• [SUPPLIED RECORDS]:
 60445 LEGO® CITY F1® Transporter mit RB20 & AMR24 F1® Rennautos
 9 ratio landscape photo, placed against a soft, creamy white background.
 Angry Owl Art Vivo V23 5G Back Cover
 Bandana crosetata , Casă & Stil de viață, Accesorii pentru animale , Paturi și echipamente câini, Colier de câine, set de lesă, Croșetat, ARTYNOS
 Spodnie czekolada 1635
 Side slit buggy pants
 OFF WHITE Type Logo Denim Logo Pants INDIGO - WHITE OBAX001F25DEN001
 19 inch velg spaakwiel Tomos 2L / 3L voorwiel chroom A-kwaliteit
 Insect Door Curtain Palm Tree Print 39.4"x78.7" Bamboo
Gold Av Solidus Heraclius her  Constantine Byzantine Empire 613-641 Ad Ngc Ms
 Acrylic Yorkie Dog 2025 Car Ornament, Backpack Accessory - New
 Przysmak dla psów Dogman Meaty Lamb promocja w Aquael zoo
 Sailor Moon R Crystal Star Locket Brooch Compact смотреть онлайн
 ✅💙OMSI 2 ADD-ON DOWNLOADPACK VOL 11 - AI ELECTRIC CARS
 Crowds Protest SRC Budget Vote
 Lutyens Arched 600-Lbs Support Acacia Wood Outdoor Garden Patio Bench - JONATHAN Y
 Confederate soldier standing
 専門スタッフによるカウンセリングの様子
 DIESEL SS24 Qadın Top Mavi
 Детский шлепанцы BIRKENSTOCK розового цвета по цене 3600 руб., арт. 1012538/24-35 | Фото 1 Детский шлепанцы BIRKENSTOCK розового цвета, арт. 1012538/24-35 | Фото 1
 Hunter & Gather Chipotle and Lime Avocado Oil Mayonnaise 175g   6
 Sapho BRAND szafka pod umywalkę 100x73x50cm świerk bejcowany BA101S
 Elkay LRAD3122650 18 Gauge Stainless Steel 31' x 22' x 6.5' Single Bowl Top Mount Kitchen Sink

• [AIM OF THE EXERCISE]:
Copy every line of the material exactly, keeping all of it.

• [ANSWER]:
 60445 LEGO® CITY F1® Transporter mit RB20 & AMR24 F1® Rennautos
 9 ratio landscape photo, placed against a soft, creamy white background.
 Angry Owl Art Vivo V23 5G Back Cover
 Bandana crosetata , Casă & Stil de viață, Accesorii pentru animale , Paturi și echipamente câini, Colier de câine, set de lesă, Croșetat, ARTYNOS
 Spodnie czekolada 1635
 Side slit buggy pants
 OFF WHITE Type Logo Denim Logo Pants INDIGO - WHITE OBAX001F25DEN001
 19 inch velg spaakwiel Tomos 2L / 3L voorwiel chroom A-kwaliteit
 Insect Door Curtain Palm Tree Print 39.4"x78.7" Bamboo
Gold Av Solidus Heraclius her  Constantine Byzantine Empire 613-641 Ad Ngc Ms
 Acrylic Yorkie Dog 2025 Car Ornament, Backpack Accessory - New
 Przysmak dla psów Dogman Meaty Lamb promocja w Aquael zoo
 Sailor Moon R Crystal Star Locket Brooch Compact смотреть онлайн
 ✅💙OMSI 2 ADD-ON DOWNLOADPACK VOL 11 - AI ELECTRIC CARS
 Crowds Protest SRC Budget Vote
 Lutyens Arched 600-Lbs Support Acacia Wood Outdoor Garden Patio Bench - JONATHAN Y
 Confederate soldier standing
 専門スタッフによるカウンセリングの様子
 DIESEL SS24 Qadın Top Mavi
 Детский шлепанцы BIRKENSTOCK розового цвета по цене 3600 руб., арт. 1012538/24-35 | Фото 1 Детский шлепанцы BIRKENSTOCK розового цвета, арт. 1012538/24-35 | Фото 1
 Hunter & Gather Chipotle and Lime Avocado Oil Mayonnaise 175g   6
 Sapho BRAND szafka pod umywalkę 100x73x50cm świerk bejcowany BA101S
 Elkay LRAD3122650 18 Gauge Stainless Steel 31' x 22' x 6.5' Single Bowl Top Mount Kitchen Sink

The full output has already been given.